Le rôle de la novlangue est de favoriser la parole officielle et d'empêcher l'expression de pensées critiques. Pour l'instant, seuls des spécialistes la maîtrisent à l’oral et à l’écrit, mais l'objectif, déjà en partie réalisé, est de remplacer totalement les vieux idiomes porteurs de ferments complotistes vers les années 2050. Son usage se répand constamment et les membres de la majorité utilisent de plus en plus le vocabulaire et la grammaire novlangues et, paradoxalement se font souvent doubler par des challengers qui montrent un zèle constant à inventer des mots, convaincus qu'ils sont que c'est en changeant les mots qu'on changera la société.
L'édition actuelle du dictionnaire officiel contient encore beaucoup trop de mots inutiles et de constructions archaïques destinées à être supprimées ultérieurement. Le lexique de la novlangue sera réduit à un minimum, le but étant de restreindre l'étendue de la pensée.
L’idée fondamentale de la novlangue est de supprimer toutes les nuances d’une langue afin de ne conserver que des oppositions claires (l'axe du bien v/s l'axe du mal) pour renforcer l’influence du pouvoir à travers un discours dualiste permettant d'éliminer toute réflexion sur la complexité d'un problème : si tu n'es pas pour, tu es contre, il n'y a pas de milieu. Si la langue possède le mot « bon », il est inutile qu’elle ait aussi le mot « mauvais », car cela suppose l'existence de nuances entre ces deux termes. Le concept « mauvais » est donc détruit pour être remplacé par le « non bon ».
Pour accélérer le processus de "simplification", le Miniver vient donc de s'attaquer à la validité du vocabulaire référencé par le dictionnaire officiel du Scrabble qui remplacera bientôt celui de l'Académie Française appelée à disparaître, ses membres, contrairement à ce qu'on croit, n'étant pas éternels.

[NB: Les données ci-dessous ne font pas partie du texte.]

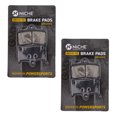 thumbnail image 1 of Niche Front Brake Pad Set for Yamaha YZF R6 Organic Motorcycle 2 Pack 519-KPA2481D, 1 of 5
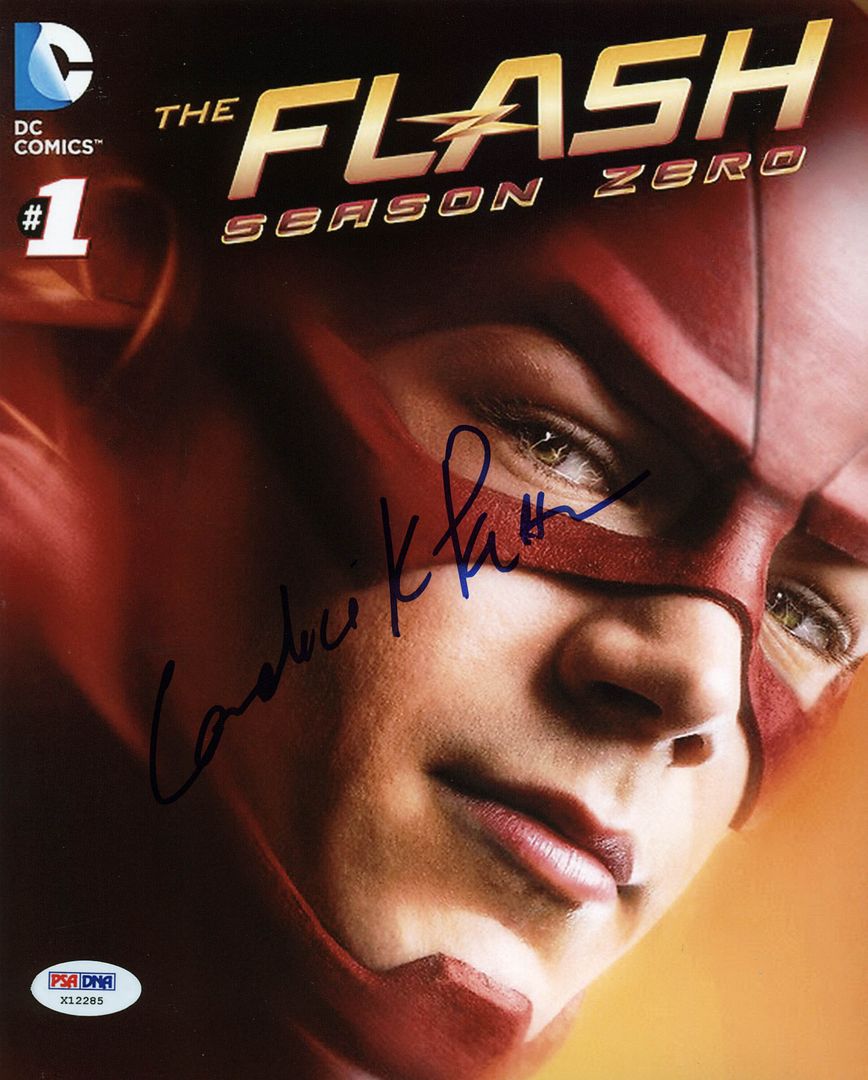 Press Pass Collectibles CANDICE PATTON THE FLASH SIGNED AUTHENTIC 8X10 PHOTO AUTOGRAPHED PSA/DNA #X12285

À l'occasion de la parution le 19 juin de la neuvième édition de « L'Officiel du jeu Scrabble », le guide des règles du jeu, la Fédération internationale de Scrabble francophone (FISF) a dévoilé la validité de 750 "nouveaux mots" (des féminisations de mots, essentiellement), et l'exclusion pour raisons « éthiques » de ceux qui ne seront plus admis sur les grilles, car jugés « offensants », racistes, sexistes ou encore discriminatoires, « identifiés comme ayant un caractère haineux, irrespectueux des valeurs humaines ».
Il s'agit des mots : asiate, boche, chicano, enculeur, femmelette, gogol, goudou, gouine, lope, lopette, nabot, nègre, négresse, négrillon, pédé, pouffiasse, romano, schleu, sidaïque, tafiole, tantouse, tantouze, tarlouse, tarlouze et travelo.

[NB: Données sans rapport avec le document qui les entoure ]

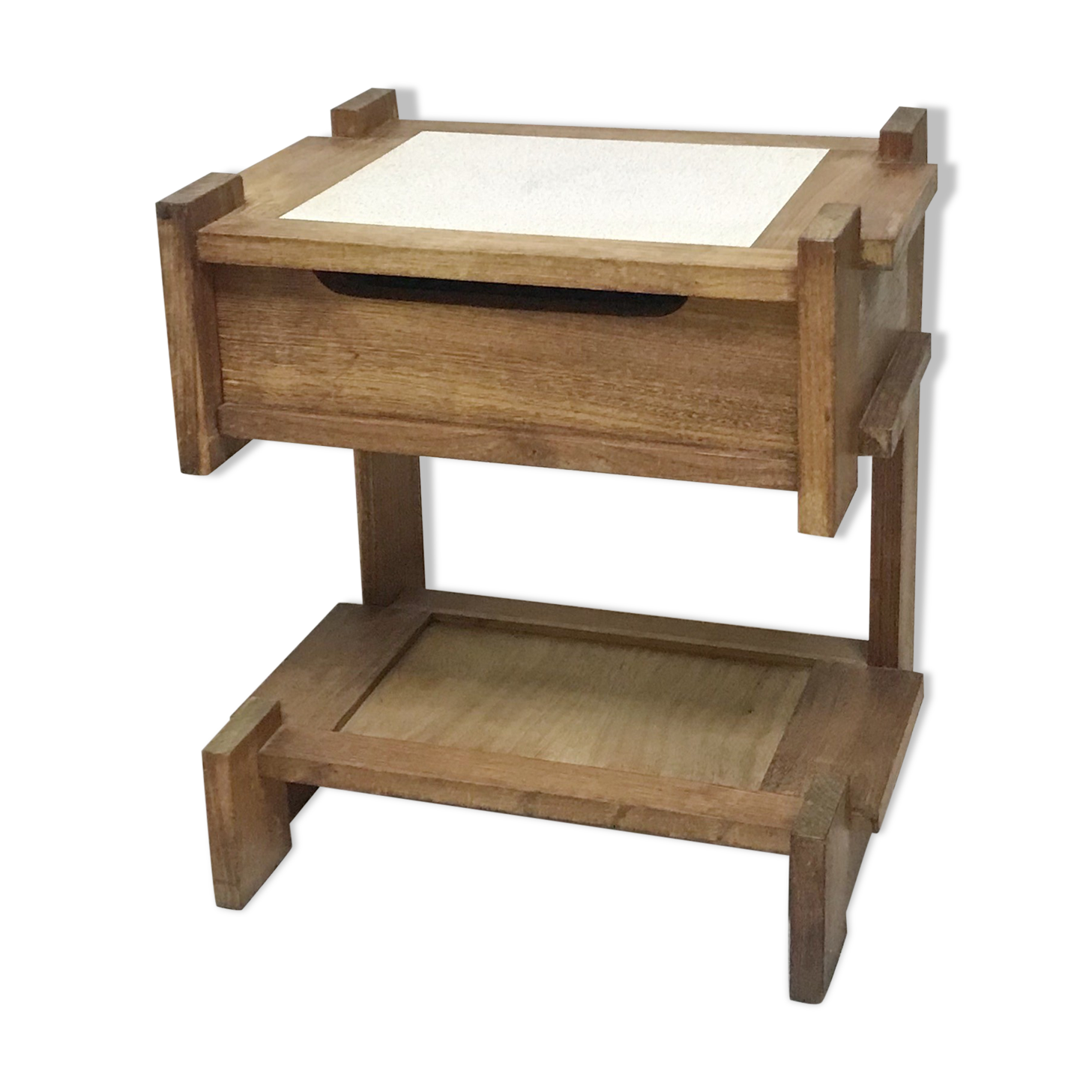 Bedside constructivist, 1950 France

Ces mots ont été « identifiés comme ayant un caractère haineux, irrespectueux des valeurs humaines et des nouvelles sensibilités de notre monde », ce qui n'est bien sûr pas le cas de prolo, pétasse, guerre, torture, terroriste, et encore moins flic, barbouze, mouchard, enfoiré et connard.
Par contre, la FISF précise que d'autres mots (noms et dérivés) qui sont pourtant « à caractère haineux » resteront "autorisés" (sic) en 2024, mais uniquement en tant que « formes verbales ». Ce sera le cas par exemple des mots « chicana(s) », « enculé(e)(s) », « grognasse(s) », et « salope(s) ».
Mais en 2025, terminé ! C'est vrai quoi ! Y en a marre des enculé(e)(s). Comme ça, y en aura plus.
Malheureusement, dans ce cas particulier, je crains qu'il ne soit pas suffisant de supprimer un mot pour que la réalité disparaisse, surtout dans la canopée.